Interview mit dem Gelsenkirchener Rechtsanwalt Frank Stierlin

In der Weltwirtschafts- und Finanzkrise nehmen Insolvenzen erheblich zu. Neuerdings werden die Belegschaften, wie z. B. beim Callcenter Walter Services, mit der Variante des sogenannten „Schutzschirmverfahrens“ überrascht. Was beinhaltet das?

Es handelt sich dabei um den § 270b der Insolvenzordnung, der am 1. März 2012 in Kraft getreten ist, und zwar als Teil des „Gesetzes zur weiteren Erleichterung der Sanierung von Unternehmen“ (ESUG). Vorbild ist Chapter 11 des US-Rechts, nach dem z. B. 2009 die Insolvenz von General Motors abgewickelt und der Konzern in kürzester Zeit „saniert“ wurde. Der wesentliche Inhalt des Schutzschirmverfahrens besteht in der Kombination der „Insolvenz in Eigenverwaltung“ – die es bisher schon gab – mit einem dreimonatigen Gläubigerschutz.

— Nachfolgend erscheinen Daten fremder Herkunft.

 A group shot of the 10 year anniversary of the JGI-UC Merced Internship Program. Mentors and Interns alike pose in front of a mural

Was heißt das nun konkret?

Grob gesagt, ordnet das Insolvenzgericht auf Antrag der Unternehmensleitung an, dass die Firma drei Monate lang von allen Verbindlichkeiten einschließlich Löhnen und Gehältern freigestellt wird und in dieser Zeit einen „Sanierungsplan“ erstellen soll. Voraussetzung sind „drohende Zahlungsunfähigkeit“ oder „Überschuldung“ und eine gewisse Erfolgsaussicht für die Sanierung, wozu aber eine Bescheinigung des Steuerberaters ausreicht. Der Unternehmer behält die volle Leitungsbefugnis: Es gibt also keinen Insolvenzverwalter, sondern nur einen „Sachwalter“, den sich die Firma auch noch selbst aussuchen kann. Für die Löhne kommt in den drei Monaten die Agentur für Arbeit durch das sogenannte Insolvenzgeld auf bzw. dieses wird durch eine Bank vorfinanziert.

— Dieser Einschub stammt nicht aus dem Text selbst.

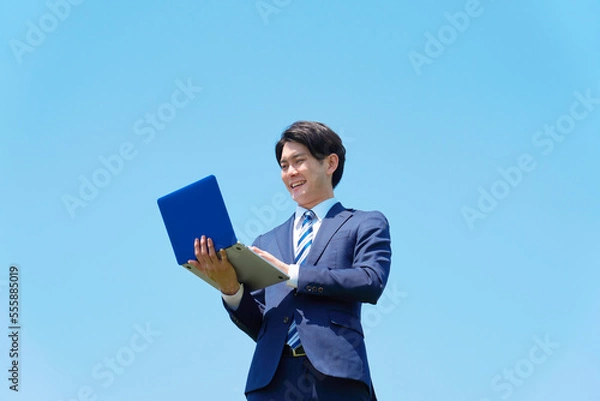 Fototapeta 屋外でパソコンを使うビジネスマン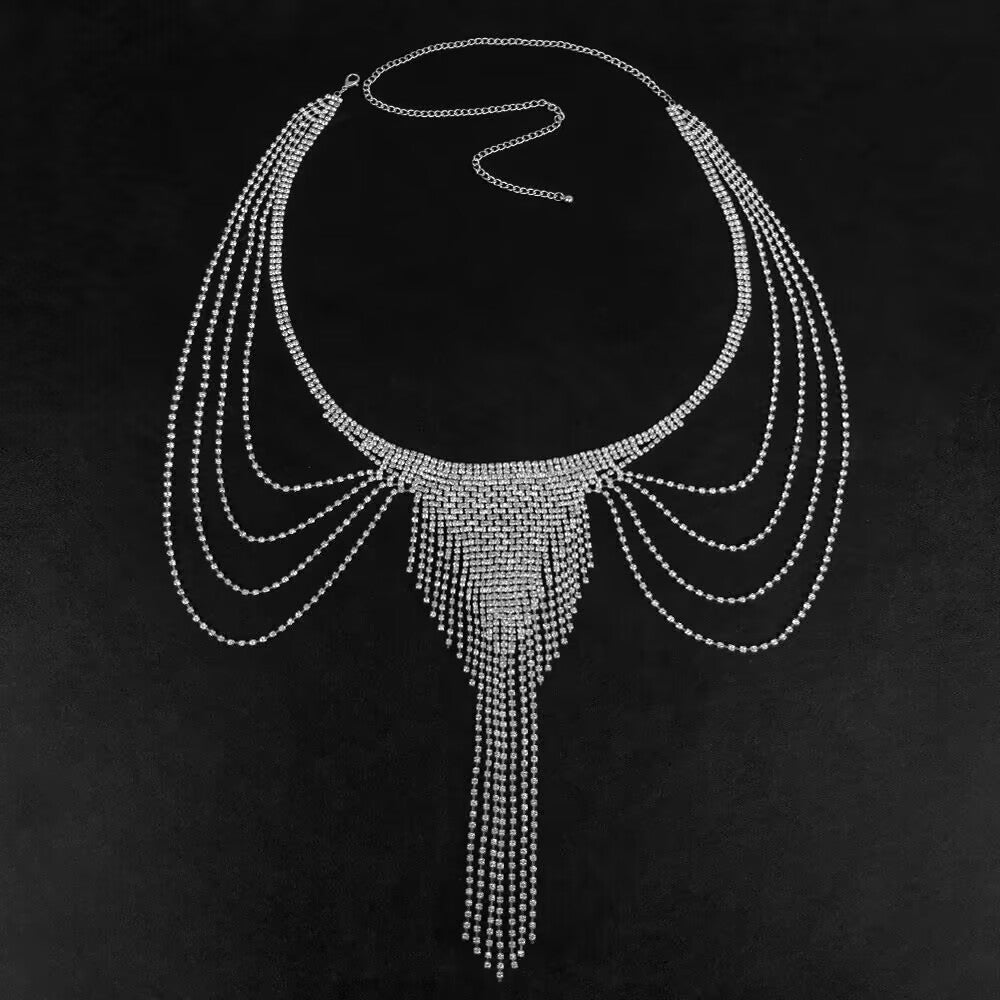 Silver rhinestone waist chain and belly harness on black background featuring center crystal fringe and side layers.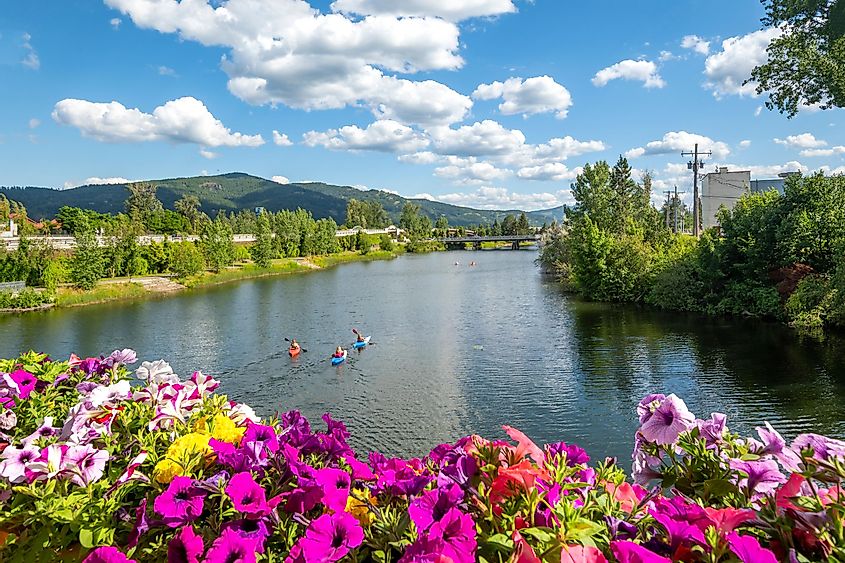Kayakers paddling on Sand Creek River, with the shimmering waters of Lake Pend Oreille in the background, amidst the scenic downtown area of Sandpoint, Idaho on a bright summer day.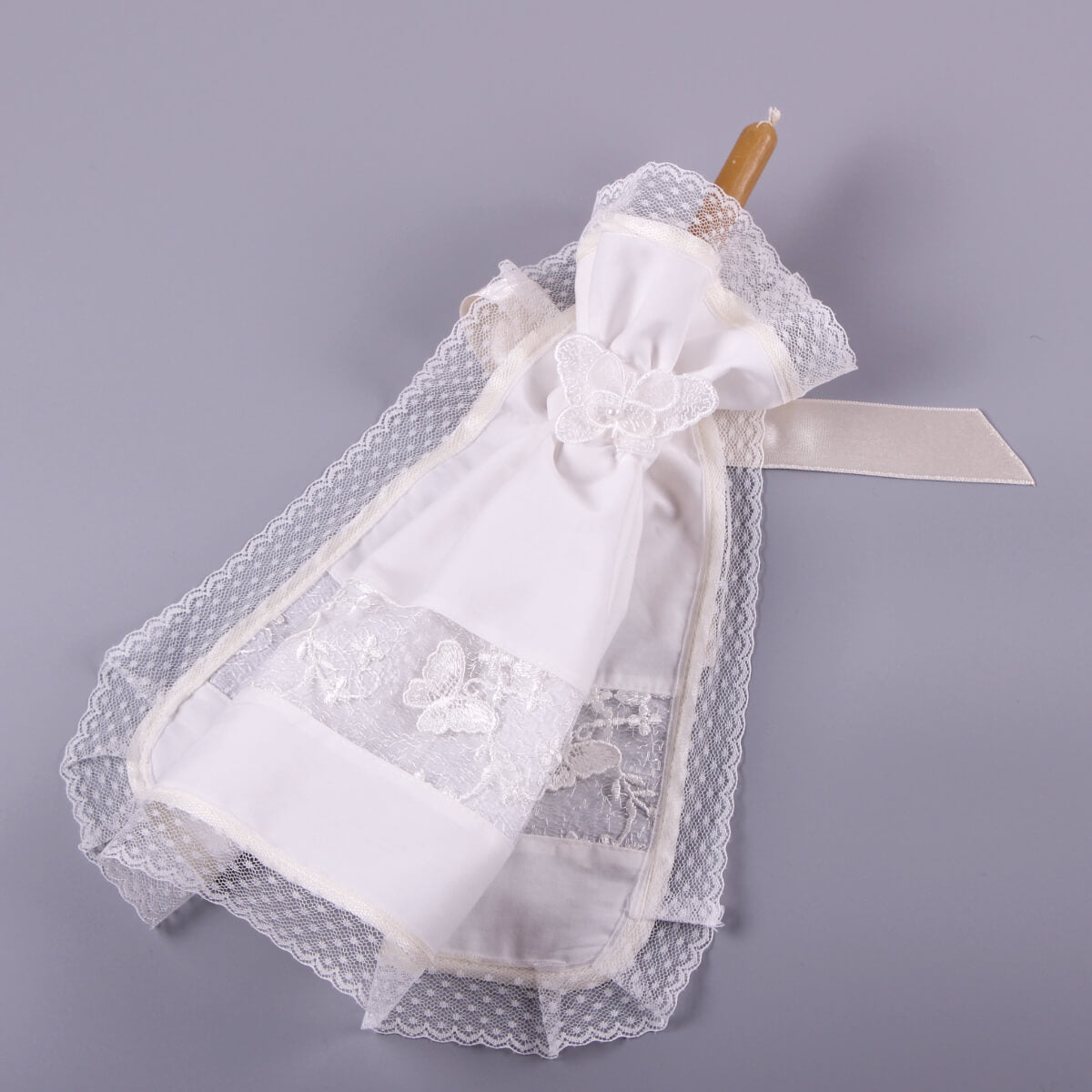 Candle Wraps with a wooden handle on a gray background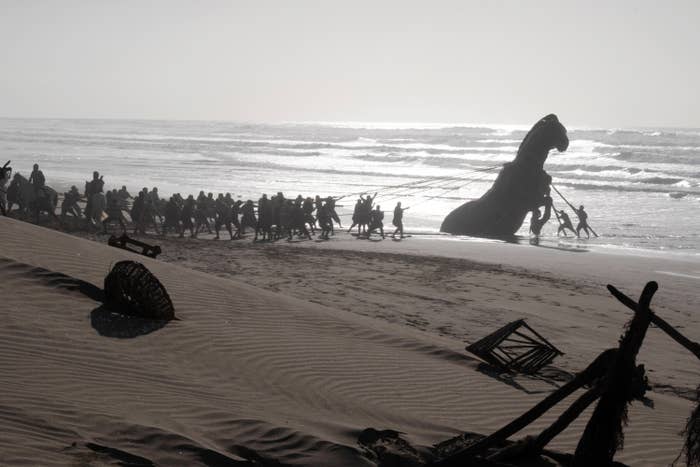 A large group of people pulling a massive ship's hull onto a beach, creating an epic and cinematic scene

Es liegt auf der Hand, dass ein solcher „Schutzschirm“ für ein Unternehmen eine glänzende Möglichkeit darstellt, sich auf Kosten der Beitragszahler, der Beschäftigten und wirtschaftlich schwacher Gläubiger gesundzustoßen. So werben z.B. Anwaltskanzleien und Unternehmensberater für dieses Verfahren im Internet: „Dem Unternehmen mit dem Liquiditätseffekt des Insolvenzgeldes Wettbewerbsvorteile verschaffen – lassen Sie das Unternehmen drei Monate ohne Lohnkosten produzieren!“

Geworben wird dafür aber auch mit der Begründung, dadurch könne das Unternehmen Kündigungsschutzvorschriften umgehen und Entlassungen leichter durchführen. Was hat es damit auf sich?

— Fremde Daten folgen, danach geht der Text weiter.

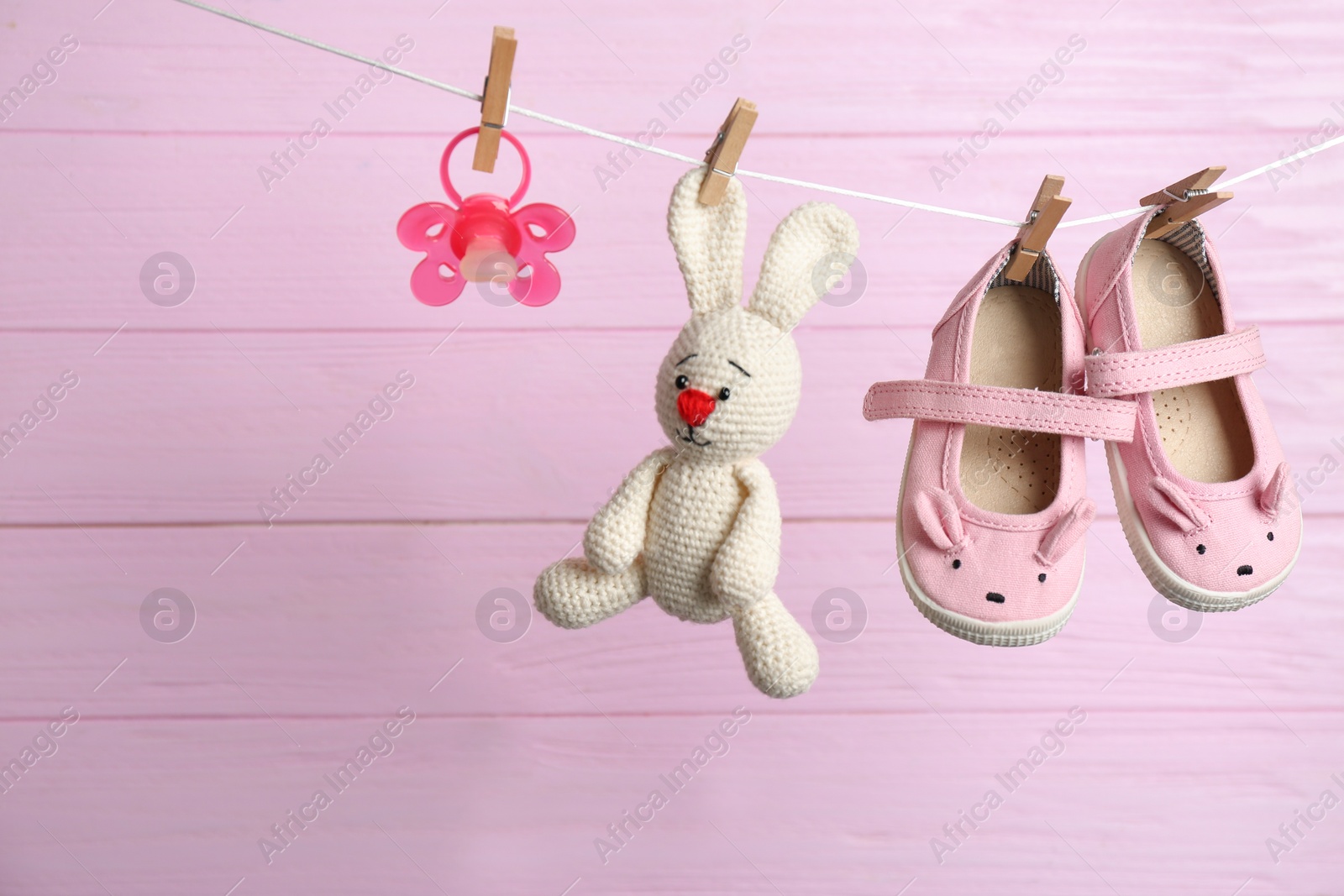 Photo of Pair of shoes, pacifier and toy bunny on laundry line against wooden background. Baby accessories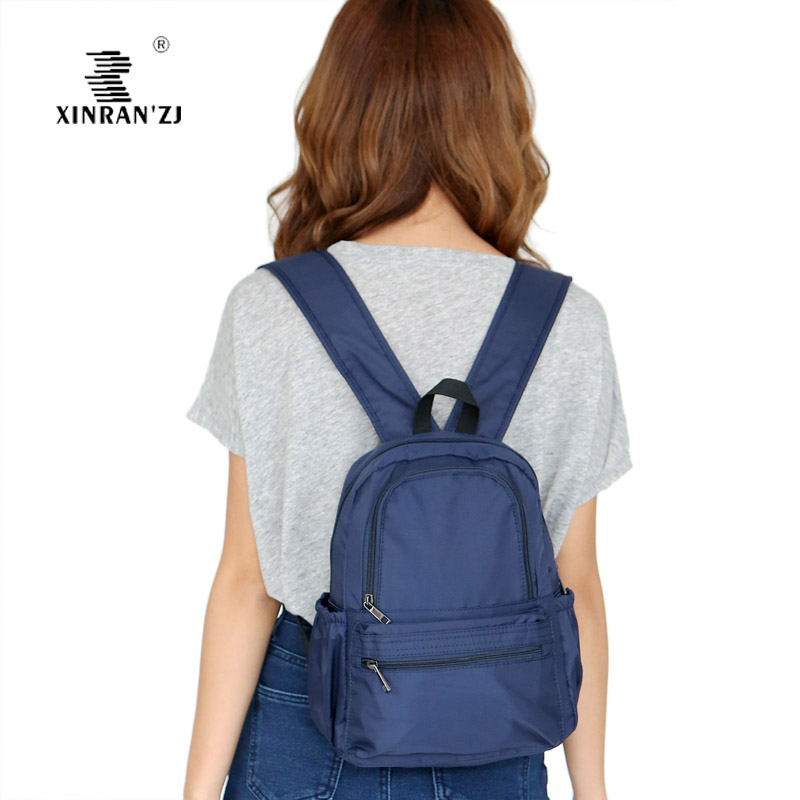 旅行多口袋休闲逛街夹层双肩背包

Das Sonderarbeitsrecht mit der Einschränkung des Kündigungsschutzes, der Verkürzung der Kündigungsfristen auf maximal drei Monate, der Möglichkeit der vorzeitigen Kündigung von Betriebsvereinbarungen usw. – all das wurde bereits mit der Insolvenzordnung 1999 eingeführt. Da der Unternehmer aber quasi sein eigener Insolvenzverwalter ist, hat er dessen Sonderrechte nun auch selbst.

Es heißt, die Gewerkschaften würden durch ihre Mitarbeit in Ausschüssen in die Sanierung eingebunden. Ist das neu und welche Erfahrungen gibt es dabei?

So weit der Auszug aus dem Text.